At the Arrabawn Co-op AGM in Nenagh, John Moylan, Michael Kennedy, Tom Hogan and Liam Walsh Picture: Odhran Ducie
Arrabawn chairman Edward Carr has paid tribute to all, from suppliers to employees, who helped the co-op through an extremely challenging year.
Speaking at his first annual general meeting as chairman of the co-op, the Milestone, Thurles, dairy farmer said that every shoulder was to the wheel in what was a year with no shortage of extremes.
Mr Carr described 2018 as a “difficult year”.
“It was a year of extremes, particularly in a weather context. Yet there wasn’t a single milk collection missed,” he said.
Everyone dug deep. The co-op functioned as a co-op should across both the agri and processing divisions, ensuring farmers got maximum supports on the feed side and also price support for the last five months of the year, he said.
“This was particularly important as butter prices dropped significantly and there was a strong back end in the supply of milk. It was a strong test of the co-op but one passed with flying colours,” said Mr Carr.

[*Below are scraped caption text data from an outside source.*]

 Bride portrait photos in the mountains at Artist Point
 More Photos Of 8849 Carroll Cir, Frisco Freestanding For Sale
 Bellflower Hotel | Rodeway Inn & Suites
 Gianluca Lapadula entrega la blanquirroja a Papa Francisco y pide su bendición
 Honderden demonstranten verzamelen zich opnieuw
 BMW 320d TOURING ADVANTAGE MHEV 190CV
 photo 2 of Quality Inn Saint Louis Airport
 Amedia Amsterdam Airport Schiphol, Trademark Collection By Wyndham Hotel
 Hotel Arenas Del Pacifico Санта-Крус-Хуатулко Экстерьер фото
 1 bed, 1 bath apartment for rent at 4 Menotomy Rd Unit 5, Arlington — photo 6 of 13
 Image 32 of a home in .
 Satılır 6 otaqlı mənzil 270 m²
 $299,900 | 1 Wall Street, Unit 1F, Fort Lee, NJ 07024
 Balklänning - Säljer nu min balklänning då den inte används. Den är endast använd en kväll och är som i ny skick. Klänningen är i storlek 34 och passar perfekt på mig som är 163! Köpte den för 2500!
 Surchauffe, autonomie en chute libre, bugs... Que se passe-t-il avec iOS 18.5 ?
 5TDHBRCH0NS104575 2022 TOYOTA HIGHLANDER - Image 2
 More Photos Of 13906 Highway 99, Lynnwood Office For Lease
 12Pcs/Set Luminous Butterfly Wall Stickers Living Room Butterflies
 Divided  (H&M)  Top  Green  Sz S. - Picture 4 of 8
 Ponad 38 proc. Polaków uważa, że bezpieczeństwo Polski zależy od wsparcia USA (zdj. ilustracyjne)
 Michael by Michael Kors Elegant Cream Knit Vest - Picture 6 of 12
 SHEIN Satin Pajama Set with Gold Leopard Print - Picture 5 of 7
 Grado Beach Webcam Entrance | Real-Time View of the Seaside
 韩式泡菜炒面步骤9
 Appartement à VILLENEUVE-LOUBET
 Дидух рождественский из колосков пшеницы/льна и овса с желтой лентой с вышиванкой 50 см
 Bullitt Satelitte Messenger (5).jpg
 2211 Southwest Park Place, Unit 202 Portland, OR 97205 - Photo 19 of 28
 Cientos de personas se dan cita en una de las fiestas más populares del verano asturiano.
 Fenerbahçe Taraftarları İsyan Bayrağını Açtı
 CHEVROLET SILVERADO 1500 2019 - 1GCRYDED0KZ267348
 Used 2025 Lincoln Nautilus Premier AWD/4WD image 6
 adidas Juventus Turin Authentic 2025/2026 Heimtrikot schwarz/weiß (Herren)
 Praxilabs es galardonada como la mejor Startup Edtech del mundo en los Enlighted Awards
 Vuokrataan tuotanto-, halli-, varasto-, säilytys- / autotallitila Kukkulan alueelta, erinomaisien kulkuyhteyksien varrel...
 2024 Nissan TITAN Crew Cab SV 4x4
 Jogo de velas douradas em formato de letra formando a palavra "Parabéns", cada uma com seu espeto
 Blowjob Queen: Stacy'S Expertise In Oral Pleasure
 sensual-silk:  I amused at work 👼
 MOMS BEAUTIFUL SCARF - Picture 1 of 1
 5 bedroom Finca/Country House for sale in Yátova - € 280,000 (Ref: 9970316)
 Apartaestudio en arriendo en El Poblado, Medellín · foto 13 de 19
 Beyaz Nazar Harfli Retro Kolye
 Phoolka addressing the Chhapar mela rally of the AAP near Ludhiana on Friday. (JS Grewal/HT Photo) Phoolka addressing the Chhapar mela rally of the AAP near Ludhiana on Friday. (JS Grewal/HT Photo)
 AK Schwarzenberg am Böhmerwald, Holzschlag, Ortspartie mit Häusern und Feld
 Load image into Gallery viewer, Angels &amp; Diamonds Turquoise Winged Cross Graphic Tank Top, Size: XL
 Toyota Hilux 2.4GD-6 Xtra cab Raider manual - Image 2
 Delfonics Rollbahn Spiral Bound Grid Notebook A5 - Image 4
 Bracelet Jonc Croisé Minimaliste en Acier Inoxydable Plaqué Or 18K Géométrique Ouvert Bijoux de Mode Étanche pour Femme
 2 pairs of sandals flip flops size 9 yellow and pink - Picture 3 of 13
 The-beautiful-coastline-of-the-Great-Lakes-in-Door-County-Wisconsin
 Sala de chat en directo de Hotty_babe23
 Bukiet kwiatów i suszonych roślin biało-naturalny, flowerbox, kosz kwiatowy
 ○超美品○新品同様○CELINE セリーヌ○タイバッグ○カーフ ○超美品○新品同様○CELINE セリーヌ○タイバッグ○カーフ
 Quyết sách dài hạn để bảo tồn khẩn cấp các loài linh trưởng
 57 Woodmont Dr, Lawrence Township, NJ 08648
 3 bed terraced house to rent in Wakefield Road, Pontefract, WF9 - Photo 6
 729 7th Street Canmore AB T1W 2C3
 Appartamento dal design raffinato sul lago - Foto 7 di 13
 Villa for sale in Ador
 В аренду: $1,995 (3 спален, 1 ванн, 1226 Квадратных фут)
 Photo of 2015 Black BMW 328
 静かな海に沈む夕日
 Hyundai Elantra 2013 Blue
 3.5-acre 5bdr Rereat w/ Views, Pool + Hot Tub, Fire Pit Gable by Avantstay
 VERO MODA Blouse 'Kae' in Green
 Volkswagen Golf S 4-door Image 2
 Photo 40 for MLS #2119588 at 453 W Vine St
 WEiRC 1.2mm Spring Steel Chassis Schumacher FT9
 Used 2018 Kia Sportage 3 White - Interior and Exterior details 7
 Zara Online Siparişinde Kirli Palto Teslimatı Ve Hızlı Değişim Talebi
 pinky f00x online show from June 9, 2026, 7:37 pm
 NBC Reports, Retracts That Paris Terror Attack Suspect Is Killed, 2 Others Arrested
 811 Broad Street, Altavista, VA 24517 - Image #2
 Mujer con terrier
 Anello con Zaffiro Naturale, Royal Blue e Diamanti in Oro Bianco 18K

CEO Conor Ryan told the AGM that milk supply continued to increase, with the co-op last year processing record volumes at 326 million litres - 38% more than it had in 2015.
It expected, he said, to be up a further 10% this year.
“The increase in volume has been dramatic over recent years but we’ve invested and that is now paying dividend as we are able to cater for the addition supply coming in. Last year was a challenge, and this year is a stretch again, but our investment in processing capacity through a second casein powder facility at our Nenagh plant will make all the difference,” said Mr Ryan.
This will be installed by October and will not alone allow Arrabawn to deal with extra milk supply but will put more milk into the higher value-added dairy ingredients market, he said.
“Overall, we are in a strong place,” he said. “Volumes are up and capacity is up but from a supplier perspective, a real positive is the growth in milk solids. Over the last three years, milk solids are up 41% but volume is up 38%. It reflects very well on our suppliers that they are increasing solids more than volume.
“Dairying is not without its challenges and I am on record in relation to the environmental challenges, in particular, already. I am encouraged by the willingness of farmers to focus on sustainability more and more. From a co-op perspective, we are continuing to introduce new technologies to enhance sustainability. This includes our new casein plant, with environmental initiatives there set to reduce emissions by up to 40%.”